Here are some patches for the MPTCP PM, including some refactoring that I thought it would be best to send at the end of a cycle to avoid conflicts between net and net-next that could last a few weeks.
The most interesting changes are in the first and last patch, the rest are patches refactoring the code & tests to validate the modifications.
- Patches 1 & 2: When servers set the C-flag in their MP_CAPABLE to tell clients not to create subflows to the initial address and port -- e.g. a deployment behind a L4 load balancer like a typical CDN deployment -- clients will not use their other endpoints when default settings are used. That's because the in-kernel path-manager uses the 'subflow' endpoints to create subflows only to the initial address and port. The first patch fixes that (for >=v5.14), and the second one validates it.

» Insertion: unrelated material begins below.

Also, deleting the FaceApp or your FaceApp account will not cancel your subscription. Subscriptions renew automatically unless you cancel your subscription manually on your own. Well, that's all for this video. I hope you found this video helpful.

- Patches 3-14: various patches refactoring the code around the in-kernel PM (mainly): split too long functions, rename variables and functions to avoid confusions, reduce structure size, and compare IDs instead of IP addresses. Note that one patch modifies one internal variable used in one BPF selftest.
- Patch 15: ability to control endpoints that are used in reaction to a new address announced by the other peer. With that, endpoints can be used only once.

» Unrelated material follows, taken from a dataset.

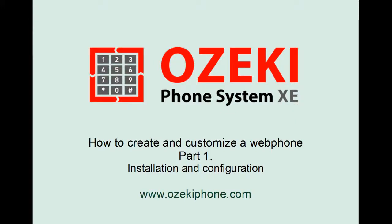Welcome to the Ozeki Phone System Extended Edition Video Tutorial Part 1. In the next few video tutorials, I will introduce the Ozeki Phone System Extended Edition and demonstrate how to install and configure it.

Signed-off-by: Matthieu Baerts (NGI0) matttbe@kernel.org --- Notes: - Patches 1 & 2 are sent to net-next on purpose: to delay a bit the backports, just in case. Plus we are at the end of a cycle, and not to delay the other refactoring patches. - Sorry, I wanted to send this series earlier on, but due to some unrelated issues (and holiday), it got delayed. Most patches are pure refactoring ones.
--- Matthieu Baerts (NGI0) (15): mptcp: pm: in-kernel: usable client side with C-flag selftests: mptcp: join: validate C-flag + def limit mptcp: pm: in-kernel: refactor fill_local_addresses_vec mptcp: pm: in-kernel: refactor fill_remote_addresses_vec mptcp: pm: rename 'subflows' to 'extra_subflows' mptcp: pm: in-kernel: rename 'subflows_max' to 'limit_extra_subflows' mptcp: pm: in-kernel: rename 'add_addr_signal_max' to 'endp_signal_max' mptcp: pm: in-kernel: rename 'add_addr_accept_max' to 'limit_add_addr_accepted' mptcp: pm: in-kernel: rename 'local_addr_max' to 'endp_subflow_max' mptcp: pm: in-kernel: rename 'local_addr_list' to 'endp_list' mptcp: pm: in-kernel: rename 'addrs' to 'endpoints' mptcp: pm: in-kernel: remove stale_loss_cnt mptcp: pm: in-kernel: reduce pernet struct size mptcp: pm: in-kernel: compare IDs instead of addresses mptcp: pm: in-kernel: add laminar endpoints
include/uapi/linux/mptcp.h | 11 +- net/mptcp/pm.c | 32 +- net/mptcp/pm_kernel.c | 569 ++++++++++++++-------- net/mptcp/pm_userspace.c | 2 +- net/mptcp/protocol.h | 21 +- net/mptcp/sockopt.c | 22 +- tools/testing/selftests/bpf/progs/mptcp_subflow.c | 2 +- tools/testing/selftests/net/mptcp/mptcp_join.sh | 11 + 8 files changed, 441 insertions(+), 229 deletions(-) --- base-commit: a1f1f2422e098485b09e55a492de05cf97f9954d change-id: 20250925-net-next-mptcp-c-flag-laminar-f8442e4d4bd9
Best regards,
When servers set the C-flag in their MP_CAPABLE to tell clients not to create subflows to the initial address and port, clients will likely not use their other endpoints. That's because the in-kernel path-manager uses the 'subflow' endpoints to create subflows only to the initial address and port.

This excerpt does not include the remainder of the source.